EAST PROVIDENCE, R.I. (WPRI) — Two countries, nearly 5,000 miles and eight weeks later, a stray cat from Greece has finally made it to his forever home in Massachusetts.
Cathy Varetimos, who regularly travels to and from Greece, tells 12 News she brought the cat, named Finn, to the United States in early October.
Varetimos said at first, Finn seemed to be handling the trip well.
But things took a turn for the worse come takeoff.
“Finn started going wild,” Varetimos recalled. “He was screaming and biting me.”
Varetimos said Finn ended up ripping through his carrier.
In an effort to calm Finn down, she wrapped him in a blanket and brought him into the bathroom.
Varetimos tells 12 News she spent the vast majority of the 10-hour flight to Logan International Airport in the bathroom comforting Finn.
“I was emotional,” she recalled. “I didn’t know what was going to happen with this little guy.”
Thankfully, Varetimos was given a new cat carrier to transport Finn off the plane.
Varetimos said she then met up with Finn’s new owners, Robin Kelley and her daughter, who were eagerly awaiting his arrival.
It was an emotional and exciting moment that Varetimos said ultimately led to a lapse in judgment.
“I don’t know what I was thinking taking him out of the carrier,” Varetimos said. “I was clearly not in my right frame of mind … but I handed him to [Kelley]. She was crying as she was holding him and was like ‘this is the best thing you’ve ever done.'”
But Finn was still shaken from the flight, and refused to let go of Kelley when they attempted to put him back in the carrier.
That’s when Varetimos suggested she walk them to their car, which was parked out front.
“I said ‘wrap him up in the blanket and we’ll just walk out front,'” she recalled. “Well that didn’t happen.”
Frightened by the unfamiliar sounds of the city, Finn jumped from Kelley’s arms as soon as she brought him outside.
Varetimos said he crossed several lanes of oncoming traffic before disappearing into a nearby parking lot.
“How he didn’t get hit is beyond me,” she said. “It was terrible.”
Varetimos said she knew immediately she had to find Finn, and returned to Boston with her husband John and sister-in-law Susan Seminara the next day to search for him.
Their search for Finn intensified in the weeks that followed.
“[My family and I] were down in Boston three times a week for hours putting up posters and knocking on doors,” she said.
Varetimos received help from a Dorchester police officer, who patrolled neighborhoods in search of Finn, as well as residents who kept a close eye on their home surveillance cameras.
She even brought in a pet tracker from Virginia.

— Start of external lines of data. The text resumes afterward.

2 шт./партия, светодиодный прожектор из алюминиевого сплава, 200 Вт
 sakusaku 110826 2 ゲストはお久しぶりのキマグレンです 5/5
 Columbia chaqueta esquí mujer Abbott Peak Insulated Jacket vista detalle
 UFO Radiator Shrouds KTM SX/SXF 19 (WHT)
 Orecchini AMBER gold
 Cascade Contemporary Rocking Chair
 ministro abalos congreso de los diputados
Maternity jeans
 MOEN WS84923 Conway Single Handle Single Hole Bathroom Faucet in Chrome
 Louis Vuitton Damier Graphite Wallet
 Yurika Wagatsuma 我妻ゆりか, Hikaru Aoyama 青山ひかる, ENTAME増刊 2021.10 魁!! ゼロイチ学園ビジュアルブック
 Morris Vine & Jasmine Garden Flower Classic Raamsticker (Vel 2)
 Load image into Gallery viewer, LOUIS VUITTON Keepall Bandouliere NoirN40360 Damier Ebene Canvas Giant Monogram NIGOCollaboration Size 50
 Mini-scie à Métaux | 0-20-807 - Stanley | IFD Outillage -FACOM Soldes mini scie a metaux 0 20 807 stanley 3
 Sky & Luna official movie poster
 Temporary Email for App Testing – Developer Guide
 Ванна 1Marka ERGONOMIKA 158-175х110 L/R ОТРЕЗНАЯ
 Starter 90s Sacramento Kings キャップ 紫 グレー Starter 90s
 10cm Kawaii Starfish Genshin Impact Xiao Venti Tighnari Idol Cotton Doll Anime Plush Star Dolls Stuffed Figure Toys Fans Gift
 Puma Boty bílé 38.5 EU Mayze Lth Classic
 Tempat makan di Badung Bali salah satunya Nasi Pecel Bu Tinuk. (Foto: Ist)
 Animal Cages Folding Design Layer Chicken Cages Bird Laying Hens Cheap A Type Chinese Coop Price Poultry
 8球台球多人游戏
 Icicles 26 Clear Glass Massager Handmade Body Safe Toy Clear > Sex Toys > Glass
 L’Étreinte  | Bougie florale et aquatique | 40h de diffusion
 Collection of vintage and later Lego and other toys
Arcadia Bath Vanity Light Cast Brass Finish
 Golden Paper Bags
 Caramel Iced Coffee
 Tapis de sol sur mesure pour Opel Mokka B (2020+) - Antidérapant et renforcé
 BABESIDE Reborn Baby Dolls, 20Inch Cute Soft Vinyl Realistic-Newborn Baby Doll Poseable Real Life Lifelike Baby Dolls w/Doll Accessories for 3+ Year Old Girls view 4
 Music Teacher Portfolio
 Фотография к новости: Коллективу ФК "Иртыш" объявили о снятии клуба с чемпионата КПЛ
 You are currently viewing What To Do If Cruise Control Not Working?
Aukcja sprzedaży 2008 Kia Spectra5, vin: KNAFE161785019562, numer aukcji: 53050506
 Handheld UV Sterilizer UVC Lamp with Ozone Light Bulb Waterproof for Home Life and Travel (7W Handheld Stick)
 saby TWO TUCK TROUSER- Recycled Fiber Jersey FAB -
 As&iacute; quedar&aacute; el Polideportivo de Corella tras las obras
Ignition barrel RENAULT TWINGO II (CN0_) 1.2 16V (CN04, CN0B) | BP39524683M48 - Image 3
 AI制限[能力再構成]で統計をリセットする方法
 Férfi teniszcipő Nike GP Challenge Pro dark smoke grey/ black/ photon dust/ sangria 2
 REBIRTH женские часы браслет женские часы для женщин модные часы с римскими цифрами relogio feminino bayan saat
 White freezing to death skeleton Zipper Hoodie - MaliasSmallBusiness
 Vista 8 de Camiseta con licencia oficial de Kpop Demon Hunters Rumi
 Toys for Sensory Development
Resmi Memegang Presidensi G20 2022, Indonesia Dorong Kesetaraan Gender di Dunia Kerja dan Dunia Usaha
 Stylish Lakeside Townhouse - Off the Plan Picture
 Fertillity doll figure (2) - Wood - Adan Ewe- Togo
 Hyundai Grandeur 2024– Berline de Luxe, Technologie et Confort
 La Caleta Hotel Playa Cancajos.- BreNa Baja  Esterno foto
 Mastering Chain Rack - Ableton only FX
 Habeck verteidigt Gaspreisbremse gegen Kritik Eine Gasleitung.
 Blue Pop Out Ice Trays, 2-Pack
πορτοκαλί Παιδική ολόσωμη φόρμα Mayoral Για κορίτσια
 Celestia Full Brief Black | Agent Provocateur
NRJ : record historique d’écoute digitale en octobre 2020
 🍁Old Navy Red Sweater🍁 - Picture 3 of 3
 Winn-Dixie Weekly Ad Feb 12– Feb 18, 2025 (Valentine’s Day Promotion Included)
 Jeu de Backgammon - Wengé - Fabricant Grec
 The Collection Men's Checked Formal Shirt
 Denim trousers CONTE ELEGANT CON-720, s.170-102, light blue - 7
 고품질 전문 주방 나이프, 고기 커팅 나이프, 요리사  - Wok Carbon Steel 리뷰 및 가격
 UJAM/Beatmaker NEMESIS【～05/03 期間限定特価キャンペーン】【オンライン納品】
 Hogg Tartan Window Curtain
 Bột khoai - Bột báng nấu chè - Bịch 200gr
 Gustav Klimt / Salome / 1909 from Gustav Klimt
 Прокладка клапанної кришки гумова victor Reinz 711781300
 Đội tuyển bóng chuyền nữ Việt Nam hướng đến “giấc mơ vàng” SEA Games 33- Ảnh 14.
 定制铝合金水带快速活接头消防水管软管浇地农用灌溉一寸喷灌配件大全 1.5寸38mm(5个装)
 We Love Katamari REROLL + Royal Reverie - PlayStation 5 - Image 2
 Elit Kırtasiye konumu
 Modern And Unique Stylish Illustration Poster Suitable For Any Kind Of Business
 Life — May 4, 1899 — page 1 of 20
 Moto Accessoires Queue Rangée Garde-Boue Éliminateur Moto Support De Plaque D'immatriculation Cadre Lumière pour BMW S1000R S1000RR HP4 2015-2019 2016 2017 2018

But every scent trail that could’ve potentially led to Finn was ultimately a dead end.
“We started getting discouraged,” Varetimos recalled.
Just when Varetimos was on the verge of losing all hope, she received a call Tuesday from an animal shelter in Central Falls who claimed they had Finn.
“We thought it was a joke,” Varetimos said. “We thought, ‘Really? Show us a picture. Who are you?'”
“Finally, the guy was like, ‘I have a [microchip],’ and the chip doesn’t lie,” she continued.
Varetimos immediately called Kelley, who confirmed she had registered Finn’s microchip in her name.
“I said, ‘Oh my God, it’s him,” she recalled. “It’s a Christmas miracle.”
Finn was reunited with his new family the next day.
It’s unclear how Finn made it all the way to Central Falls from Boston, but all that matters to Varetimos and Kelley is that he’s safe and healthy.
Kelley said this should serve as a reminder to all pet owners to make sure their furry friends are microchipped.
“That was pretty much his saving grace,” Kelley said.